Transcribe the listing below only from the line with "Claw Ring Silver" up to and including the line with "Vintage Rider PU Leather Jacket".

### Records supplied
....................

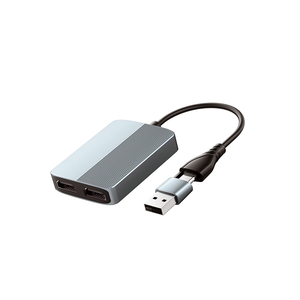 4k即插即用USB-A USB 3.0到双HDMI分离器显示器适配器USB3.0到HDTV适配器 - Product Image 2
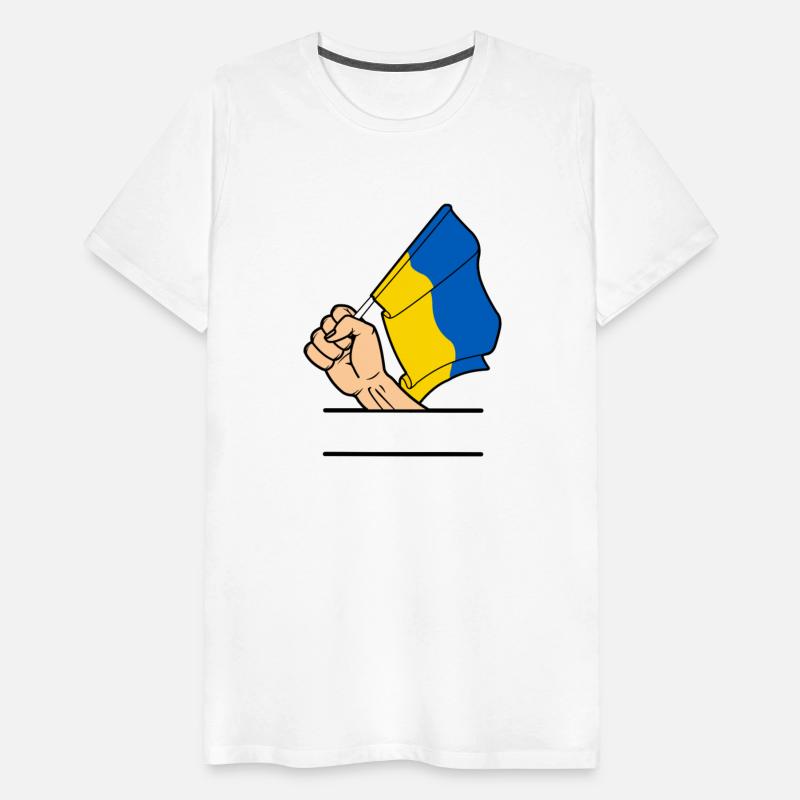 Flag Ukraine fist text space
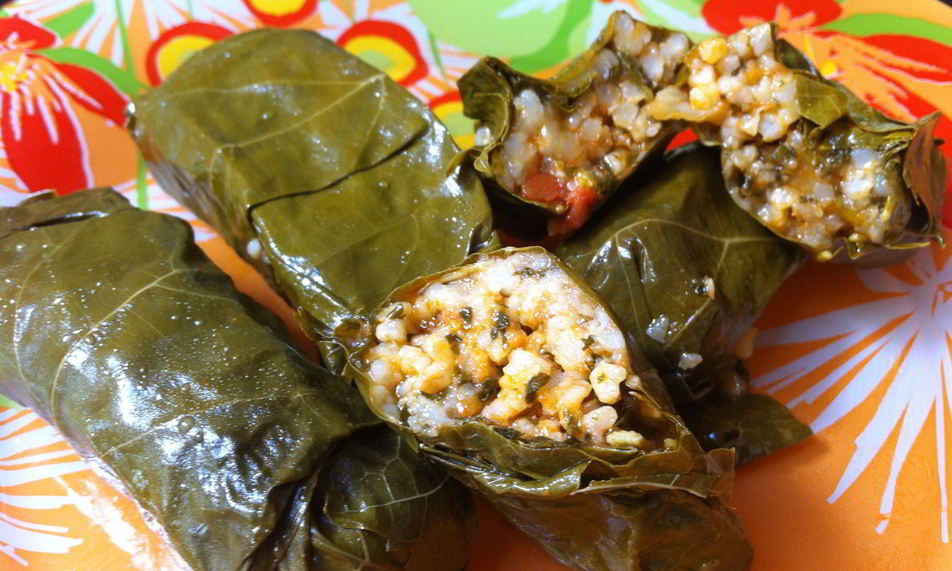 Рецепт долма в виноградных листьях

....................

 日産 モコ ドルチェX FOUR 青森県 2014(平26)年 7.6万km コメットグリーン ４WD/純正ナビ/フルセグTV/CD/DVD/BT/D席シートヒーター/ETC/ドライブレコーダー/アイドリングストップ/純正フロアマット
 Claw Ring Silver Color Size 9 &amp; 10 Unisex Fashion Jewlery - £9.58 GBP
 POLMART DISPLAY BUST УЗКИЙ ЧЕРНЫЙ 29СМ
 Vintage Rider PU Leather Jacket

....................

### Your response
 Claw Ring Silver Color Size 9 &amp; 10 Unisex Fashion Jewlery - £9.58 GBP
 POLMART DISPLAY BUST УЗКИЙ ЧЕРНЫЙ 29СМ
 Vintage Rider PU Leather Jacket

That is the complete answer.